Task item → Your response to the data below should hold nothing except the lines from the one containing "The centre column, Members" down to the one containing "Shift and draw", reproduced exactly and without pictures.

Record set →

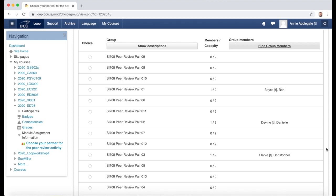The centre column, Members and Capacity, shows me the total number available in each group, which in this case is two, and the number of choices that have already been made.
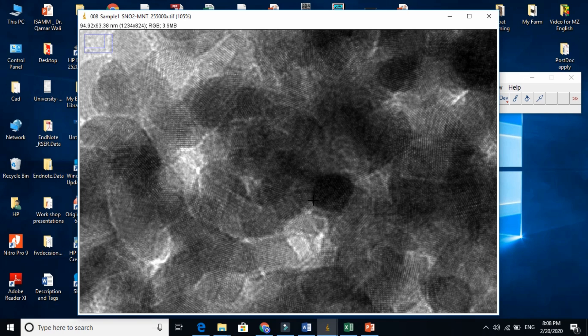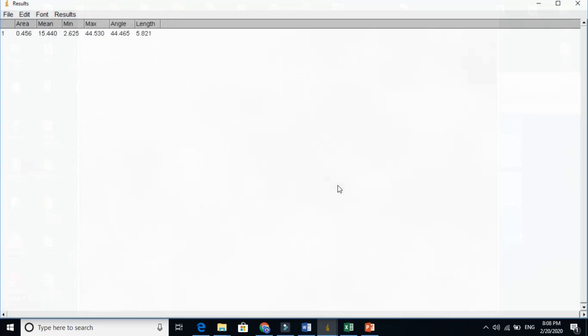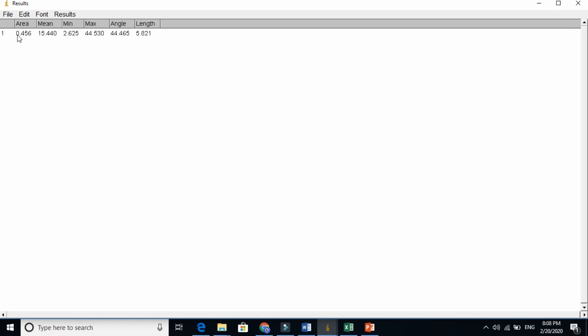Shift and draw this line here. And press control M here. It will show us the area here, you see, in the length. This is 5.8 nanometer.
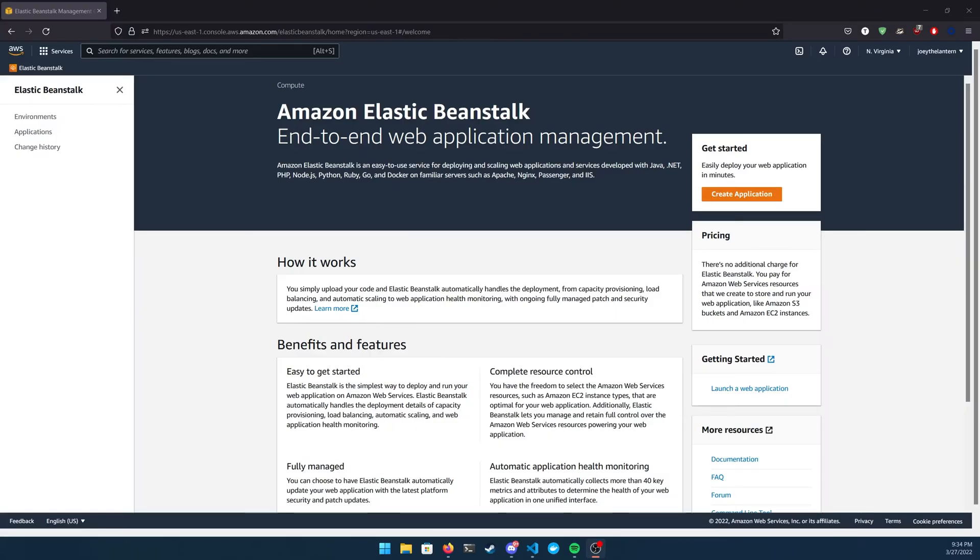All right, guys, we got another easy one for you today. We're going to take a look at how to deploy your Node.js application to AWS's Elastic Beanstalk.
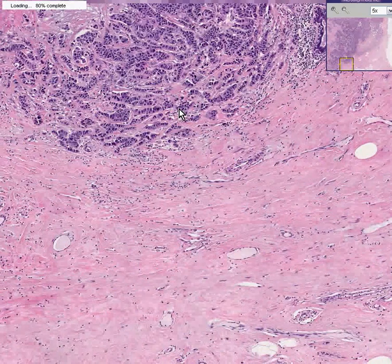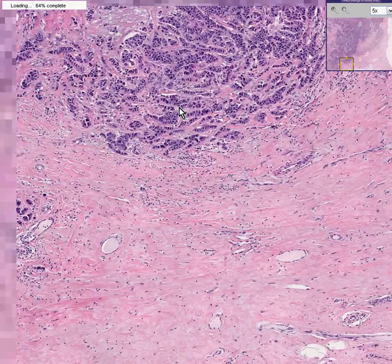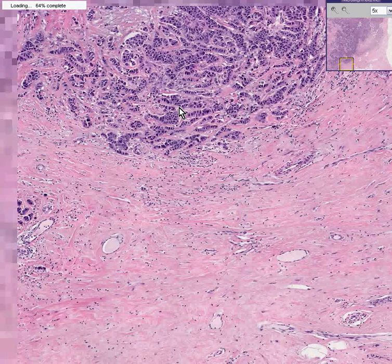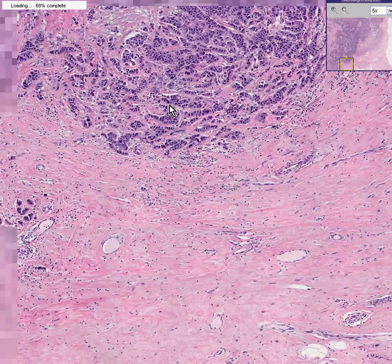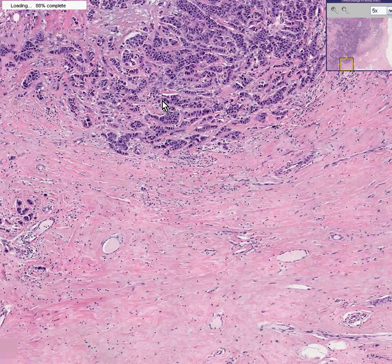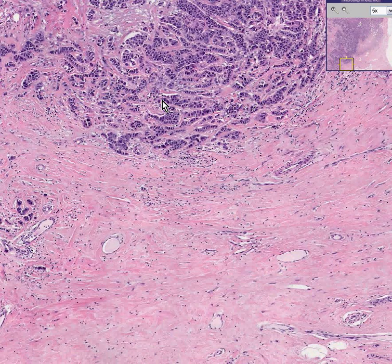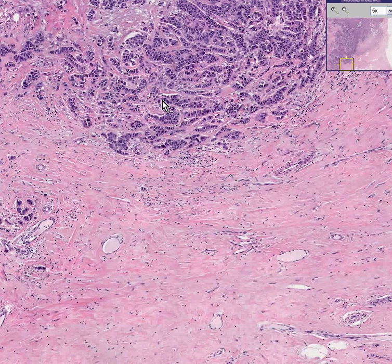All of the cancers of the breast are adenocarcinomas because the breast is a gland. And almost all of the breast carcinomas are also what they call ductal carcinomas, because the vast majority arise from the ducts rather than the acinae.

--

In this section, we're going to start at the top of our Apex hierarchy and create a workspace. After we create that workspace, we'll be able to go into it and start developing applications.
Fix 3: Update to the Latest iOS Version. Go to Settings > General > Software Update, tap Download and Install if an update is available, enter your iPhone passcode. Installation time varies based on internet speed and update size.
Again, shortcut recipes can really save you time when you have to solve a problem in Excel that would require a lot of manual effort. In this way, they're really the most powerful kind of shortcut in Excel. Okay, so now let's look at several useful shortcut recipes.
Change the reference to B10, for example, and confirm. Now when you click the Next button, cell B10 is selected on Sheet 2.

--

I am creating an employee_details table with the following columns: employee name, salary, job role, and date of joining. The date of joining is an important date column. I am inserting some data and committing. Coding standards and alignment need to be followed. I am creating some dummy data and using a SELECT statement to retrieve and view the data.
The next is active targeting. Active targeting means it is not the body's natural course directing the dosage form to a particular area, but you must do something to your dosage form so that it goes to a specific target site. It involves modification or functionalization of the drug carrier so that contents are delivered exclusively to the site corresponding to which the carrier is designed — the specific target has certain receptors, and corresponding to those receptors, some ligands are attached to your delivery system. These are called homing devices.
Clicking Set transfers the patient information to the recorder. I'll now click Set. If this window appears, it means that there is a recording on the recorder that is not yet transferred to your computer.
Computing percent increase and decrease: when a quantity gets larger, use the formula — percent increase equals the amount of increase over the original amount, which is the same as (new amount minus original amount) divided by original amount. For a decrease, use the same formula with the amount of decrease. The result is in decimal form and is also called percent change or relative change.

Completed exercise →
The centre column, Members and Capacity, shows me the total number available in each group, which in this case is two, and the number of choices that have already been made.
Shift and draw this line here. And press control M here. It will show us the area here, you see, in the length. This is 5.8 nanometer.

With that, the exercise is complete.